Comment Re:"Rest assured, the data is going to be obscured (Score 5, Informative) 269
Disclosure:
I work extensively with Microsoft customer usage data (although on Visual Studio, not Windows)
Odds are, unless you've been very intentional about ticking the checkboxes the right way, Microsoft is already collecting usage data from you -- for a variety of products. Never without your consent, of course.
The issues around anonymizing your data and removing PII are taken very seriously. It's damn frustrating, because I often look over the data for user 234209342349 and think, "I wish I could email this guy and ask why the hell he is doing that". But there is no way for me to recover PII for VS client customers.
For the Visual Studio products, a typical approach is that data that might have a PII impact is one-way hashed on your local machine, so that PII never goes over the wire and never gets to Microsoft to begin with.
You can use tools like filemon to see where VS dumps the usage data files it generates.
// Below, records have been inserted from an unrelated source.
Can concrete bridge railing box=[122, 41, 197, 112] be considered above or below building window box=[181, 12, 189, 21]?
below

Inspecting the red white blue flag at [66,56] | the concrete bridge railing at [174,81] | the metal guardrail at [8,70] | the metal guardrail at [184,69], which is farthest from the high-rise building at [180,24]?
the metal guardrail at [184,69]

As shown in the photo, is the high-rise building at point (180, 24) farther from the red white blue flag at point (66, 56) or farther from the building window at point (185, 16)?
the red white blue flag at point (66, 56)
I don't remember if these look like binary mess on disk or not, but they get written to disk, and then you can see them go over the wire some time later. You could of course use a packet sniffer to see the on-the-wire format, and if it differs from what is stored on disk.
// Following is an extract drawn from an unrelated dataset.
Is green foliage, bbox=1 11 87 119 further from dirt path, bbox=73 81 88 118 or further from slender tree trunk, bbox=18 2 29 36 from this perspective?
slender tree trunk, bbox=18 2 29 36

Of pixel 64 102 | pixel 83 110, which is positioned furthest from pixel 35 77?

The data we scrub in VS covers the obvious things -- account names or email addresses -- but also some more subtle things -- like file paths (because these could contain your username, or a company name, or anything else), and even thing like VS Project Type names (because Company Foo can create their own Project Type, and might put their company name in the Project Type Name)
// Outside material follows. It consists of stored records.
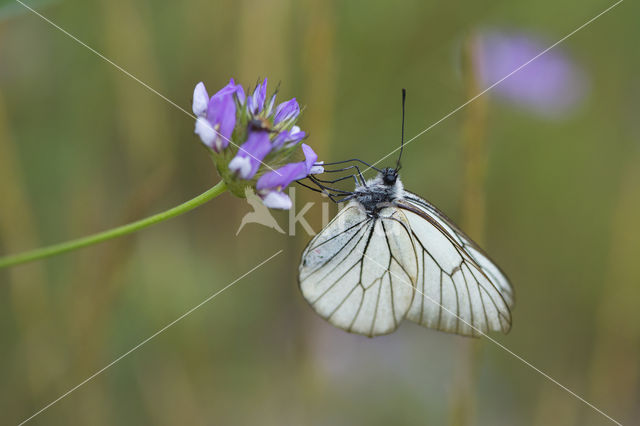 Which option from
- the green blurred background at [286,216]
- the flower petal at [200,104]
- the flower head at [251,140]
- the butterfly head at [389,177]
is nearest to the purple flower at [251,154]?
the flower head at [251,140]

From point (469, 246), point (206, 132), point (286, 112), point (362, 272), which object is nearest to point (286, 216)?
point (362, 272)

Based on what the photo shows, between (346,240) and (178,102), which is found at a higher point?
(178,102)

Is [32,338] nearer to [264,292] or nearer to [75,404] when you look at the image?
[75,404]

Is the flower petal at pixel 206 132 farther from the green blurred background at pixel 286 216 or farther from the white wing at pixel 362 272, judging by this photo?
the white wing at pixel 362 272

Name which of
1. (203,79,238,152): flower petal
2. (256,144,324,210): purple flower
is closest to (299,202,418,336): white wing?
(256,144,324,210): purple flower

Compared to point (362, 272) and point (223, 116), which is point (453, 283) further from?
point (223, 116)

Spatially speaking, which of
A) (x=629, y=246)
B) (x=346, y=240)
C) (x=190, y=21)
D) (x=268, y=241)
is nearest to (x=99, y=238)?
(x=346, y=240)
So anyway, there's actually not much of a story here. I can't comment on the truth or accuracy of what MJF is saying. However, what she is saying is that, in effect, the latency between usage data being locally captured/calculated, and that data being sent to Microsoft (assuming the user has allowed usage data to be sent), is now much lower than it was in the past.
For VS, at least, I know what data we have available to us. I opt-in to all of the MS data collection stuff, because I see no evidence of it being used inappropriately, and, because I know that we use it to try and understand what users are doing and why they are doing it.
Opting into the data collection stuff effectively gives you "a vote" in how we do things in future releases.